SAP has invested in enablement programmes that have taken social selling from a novel concept to a quantifiable business driver. Here’s how they did it
Changes in buying behavior, a social economy, and increasing competitive pressure are disrupting traditional approaches to sales and marketing, opening up opportunities for agile companies. Taking advantage of these opportunities required SAP to fundamentally change how it interacts with its customers. The increasing impact of technology and social media sparked conversations across sales and marketing around how to use the concept of social selling to thrive in a situation where power is shifting from seller to buyer.
SAP recognised social selling required collaboration across organisations to be effective. Employees from all parts of the company can add value, leveraging their personal brand and online network to guide buyers in the modern business landscape. SAP has turned its vision into operational strength. Its transformation to a social selling organisation may have started as a sales enablement programme, but it has ultimately transformed and changed the way the company executes across business functions.
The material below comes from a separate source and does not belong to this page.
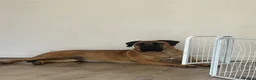 Boerboel dogs for sale: Our beautiful girl Narla in Birmingham - Advert 6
Today, social sellers across SAP achieve 32 per cent more revenue and are 10 per cent more likely to achieve quota.
Social sellers
To get employees on board and to fully embrace the opportunities of social selling, SAP has used a holistic approach that combines the right tools and processes with a change in culture. Here are the four cornerstones of the strategy:
1. Break down silos: The traditional sales-to-marketing funnel has changed. Employees from different areas of the business can influence a buyer’s journey that is controlled by the customer. It required a very conscious effort to come together as a company to serve the customer, irrespective of internal organisation boundaries.
2. Combine best-in-class tools and training: SAP has invested in LinkedIn Sales Navigator to turn social selling into reality. It gives sales reps a very effective way to get in contact with prospects and engage with their customers, leveraging their network in an entirely new way. But SAP quickly realised that it is not done with a tool alone. A pilot comparing a team that went through a training programme along with the LinkedIn Sales Navigator licenses, versus one without training, showed a big impact: within nine months, the trained team generated seven times more pipeline than the comparable team that only had access to LinkedIn Sales Navigator. SAP decided to scale and expand this effort, launching a multi-tiered programme including community building, coaching, easily accessible online curriculum and company-wide campaigns.
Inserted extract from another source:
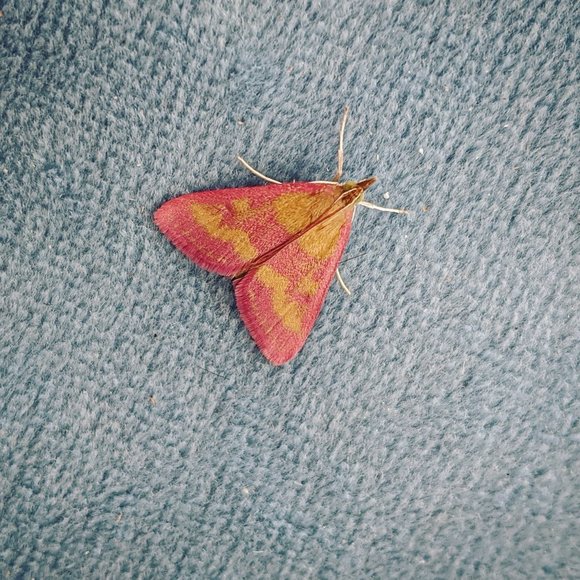 Meet your Posher, Ha - Picture 1 of 1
3. Changing mindsets: SAP has also invested in a culture change. Without changing behaviours and attitudes, organisations cannot fully leverage the opportunity. When SAP shifted its mindset from ‘selling’ to ‘knowing and supporting’ its buyers, it saw a rapid change towards a truly customer-centric organisation that has added tangible value and results to its relationships.
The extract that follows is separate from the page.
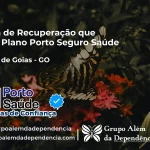 Clínica de Recuperação que Aceita Porto Seguro Saúde em Guarani de Goiás - GO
4. Measure and motivate: In a sales-driven environment, change can only happen if people believe it will lead to short-term results. The first pilots were, therefore, focused on delivering proof points that would prove the value of these initiatives and motivate sales leaders and teams to invest.
According to Kirsten Boileau, director, SAP experience innovation at SAP: “We focused on making sure frontline sales managers were really involved from the very beginning – when we go to a team to actually train them. If you don’t have that sales management buy-in, you’re missing out on the key influencers for that team.”
The result came quickly. In addition to the pilot generating seven times more pipeline with the combination of LinkedIn Sales Navigator licenses and the new training programme, another team generated $1m in pipeline during their training week, ultimately growing the entire pipeline of its market unit by 44 per cent within a year after initial training.
What’s next for social selling?
For SAP, social selling is a change management process, requiring highly skilled change agents who are willing to work with local teams over a period of time. A recent ‘Train the trainer’ programme produced 80 certified trainers in less than four months, setting the stage for a social selling launch to all SAP sales employees at the 2016 field kick-off meetings happening right now in Q1.
Malin Lidén, VP SAP experience innovation at SAP, said: “Social selling is not a choice for us to make – the choice has already been made by the market, and by our customers. Our choice lies within leveraging the opportunity to become transactional or transformational. Social selling is much more than a sales enablement programme – it is a survival strategy in the social and digital economy. Only companies that can come together and break down internal silos will win this game.”